Testing extension features without building/installing the extension constantly:

// In useExtensionStatus hook if (localStorage.getItem("gh0st_extension_mock") === "true") { return { connected: true, version: "dev", activeTask: { jobId: "0x...", status: "collecting", progress: 45 }, }; }

Set a localStorage flag and the web app pretends the extension is connected with an active task.

1. Optimistic UI with Event Refetch

When a user creates a job spec, we don't wait for blockchain confirmation to update the UI. We show a toast, then refetch via events once confirmed:

useEffect(() => { if (isSpecCreated) { refetchSpecs(); // Re-query events to get the new spec setIsCreateSpecModalOpen(false); } }, [isSpecCreated, refetchSpecs]);

1. Extension Setup Flow

The popup has two modes: setup (first run) and operational. We persist config in chrome.storage.local:

export async function saveConfig(config: ExtensionConfig): Promise<void> { await chrome.storage.local.set({ gh0st_config: config }); }

export async function hasConfig(): Promise<boolean> { const result = await chrome.storage.local.get("gh0st_config"); return !!result.gh0st_config; }

On first open, workers enter their RPC URL, contract address, and a private key for signing submissions. The key never leaves local storage.

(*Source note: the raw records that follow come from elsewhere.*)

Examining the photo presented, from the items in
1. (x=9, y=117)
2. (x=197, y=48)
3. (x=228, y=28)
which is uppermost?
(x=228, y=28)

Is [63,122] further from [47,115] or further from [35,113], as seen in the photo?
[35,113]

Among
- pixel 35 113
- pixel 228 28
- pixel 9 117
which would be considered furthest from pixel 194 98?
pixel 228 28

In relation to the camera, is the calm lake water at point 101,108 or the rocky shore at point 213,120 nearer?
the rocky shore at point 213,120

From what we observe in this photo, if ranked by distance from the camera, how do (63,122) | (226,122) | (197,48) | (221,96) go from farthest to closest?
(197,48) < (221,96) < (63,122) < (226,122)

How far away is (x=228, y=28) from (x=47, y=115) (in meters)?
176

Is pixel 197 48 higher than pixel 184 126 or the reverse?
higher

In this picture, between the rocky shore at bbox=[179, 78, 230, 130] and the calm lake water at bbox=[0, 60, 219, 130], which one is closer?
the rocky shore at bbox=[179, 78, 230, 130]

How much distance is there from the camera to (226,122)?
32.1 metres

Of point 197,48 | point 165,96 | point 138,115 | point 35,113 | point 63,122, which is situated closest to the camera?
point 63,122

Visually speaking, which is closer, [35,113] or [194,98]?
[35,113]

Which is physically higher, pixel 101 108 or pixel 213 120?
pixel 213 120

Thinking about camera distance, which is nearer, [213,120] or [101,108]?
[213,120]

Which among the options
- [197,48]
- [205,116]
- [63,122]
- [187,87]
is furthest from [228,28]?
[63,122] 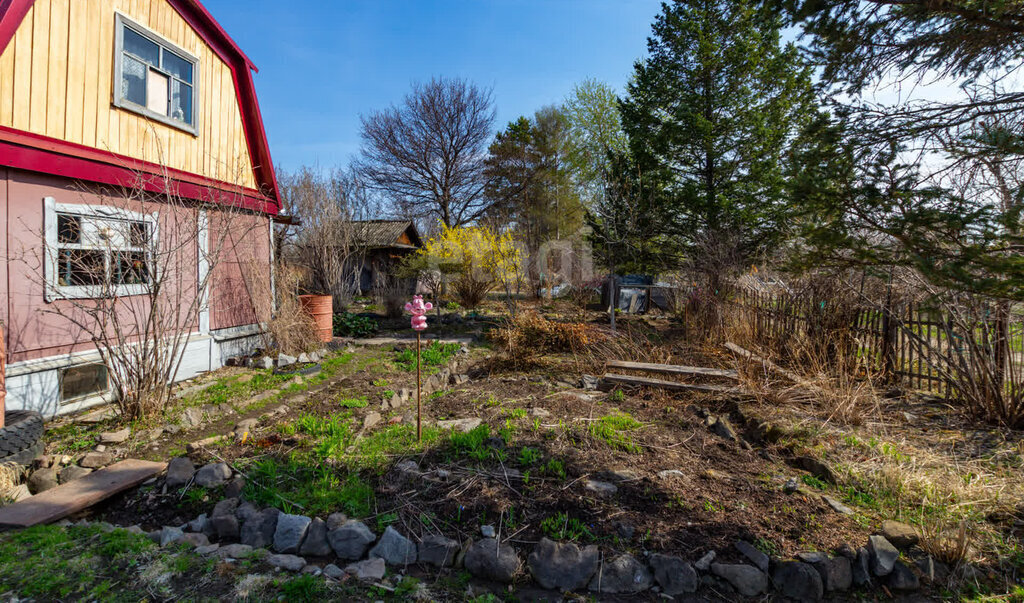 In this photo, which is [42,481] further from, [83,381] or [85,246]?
[85,246]

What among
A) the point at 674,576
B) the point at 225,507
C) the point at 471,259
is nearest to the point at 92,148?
the point at 225,507

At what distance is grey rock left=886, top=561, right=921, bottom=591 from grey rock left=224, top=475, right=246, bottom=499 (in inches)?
158

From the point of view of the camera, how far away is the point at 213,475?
11.4ft

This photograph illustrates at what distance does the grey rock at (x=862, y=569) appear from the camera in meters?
2.56

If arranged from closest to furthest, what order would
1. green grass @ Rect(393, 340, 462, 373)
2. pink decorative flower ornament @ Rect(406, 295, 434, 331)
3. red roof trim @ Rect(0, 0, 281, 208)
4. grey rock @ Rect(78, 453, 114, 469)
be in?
1. grey rock @ Rect(78, 453, 114, 469)
2. pink decorative flower ornament @ Rect(406, 295, 434, 331)
3. red roof trim @ Rect(0, 0, 281, 208)
4. green grass @ Rect(393, 340, 462, 373)

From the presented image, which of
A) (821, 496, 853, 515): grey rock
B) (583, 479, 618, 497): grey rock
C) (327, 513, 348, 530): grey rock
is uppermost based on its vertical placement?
(583, 479, 618, 497): grey rock

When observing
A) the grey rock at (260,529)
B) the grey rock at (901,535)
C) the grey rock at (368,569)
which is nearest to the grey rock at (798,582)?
the grey rock at (901,535)

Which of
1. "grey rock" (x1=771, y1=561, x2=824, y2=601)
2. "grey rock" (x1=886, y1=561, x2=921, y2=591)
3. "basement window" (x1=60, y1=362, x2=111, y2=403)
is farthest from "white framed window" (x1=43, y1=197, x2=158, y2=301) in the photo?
"grey rock" (x1=886, y1=561, x2=921, y2=591)

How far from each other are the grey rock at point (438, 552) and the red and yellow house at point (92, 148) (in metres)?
4.25

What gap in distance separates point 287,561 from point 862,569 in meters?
3.16

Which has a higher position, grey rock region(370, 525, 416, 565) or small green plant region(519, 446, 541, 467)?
small green plant region(519, 446, 541, 467)

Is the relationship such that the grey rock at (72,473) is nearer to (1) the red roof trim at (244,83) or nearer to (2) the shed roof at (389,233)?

1. Job Listener with Polling + Deduplication

The extension polls for new jobs but needs to avoid re-queueing jobs it's already seen:

// In jobListener.ts const seenJobIds = new Set<string>();

function onNewJob(job: Job) { const jobKey = job.id.toString(); if (seenJobIds.has(jobKey)) return; seenJobIds.add(jobKey);

// Check against approved specs and min bounty
if (!approvedSpecIds.has(Number(job.specId))) return;
const minBounty = minBountyBySpec.get(Number(job.specId)) || 0;
if (parseFloat(formatEther(job.bounty)) < minBounty) return;

onJobFound(job);

}

---

Partner Technologies

| Technology | How It Helped | |--------------|---------------------------------------------------------------------------------------------------| | Dynamic Labs | Wallet connection with email/social fallback—critical for onboarding non-crypto users | | vlayer | zk-TLS proof infrastructure—the cryptographic core that makes trustless verification possible | | Foundry | Fast Solidity compilation and testing; forge test runs our full suite in ~2 seconds | | Plasmo | Made browser extension development feel like building a React app instead of fighting Chrome APIs | | wagmi v3 | Type-safe contract hooks with TanStack Query integration—caught multiple bugs at compile time |

---

What We'd Do Differently

1. Use an indexer: Event-based queries work but get slow as job count grows. The Graph or Ponder would scale better.
2. WebSocket subscriptions: Polling for new jobs works but adds latency. A WebSocket connection to an RPC with eth_subscribe would be real-time.
3. Multi-chain from day one: We hardcoded Sepolia. Abstracting chain config earlier would make multi-chain deployment trivial.

---

Lines of Code

• Contracts: ~600 lines of Solidity + ~600 lines of tests
• Web App: ~4,000 lines of TypeScript/React
• Extension: ~2,500 lines of TypeScript

All written in 48 hours. We're proud of how complete the system is—not just a demo, but a working protocol with real escrow, real payments, and a real browser automation pipeline.